__Data provided__
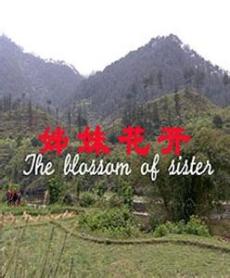 姊妹花开剧照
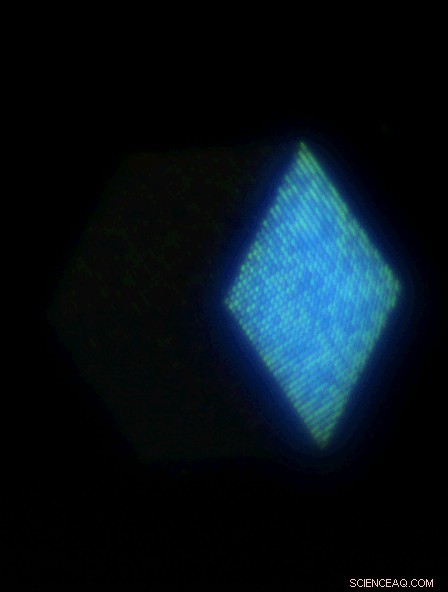 Creating vivid 3‑D color images with engineered reflective metasurfaces under white light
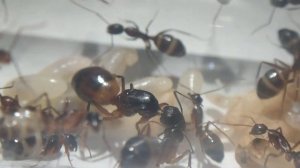 ИСТОРИЯ КОЛОНИИ МУРАВЬЕВ CAMPONOTUS THORACICUS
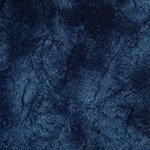 Bella Navy Bella Navy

__Work item__
Your reply should hold exactly the lines from the line containing "Creating vivid 3‑D" through the final line of the listing, and none of the pictures.

__Output of the exercise__
 Creating vivid 3‑D color images with engineered reflective metasurfaces under white light
 ИСТОРИЯ КОЛОНИИ МУРАВЬЕВ CAMPONOTUS THORACICUS
 Bella Navy Bella Navy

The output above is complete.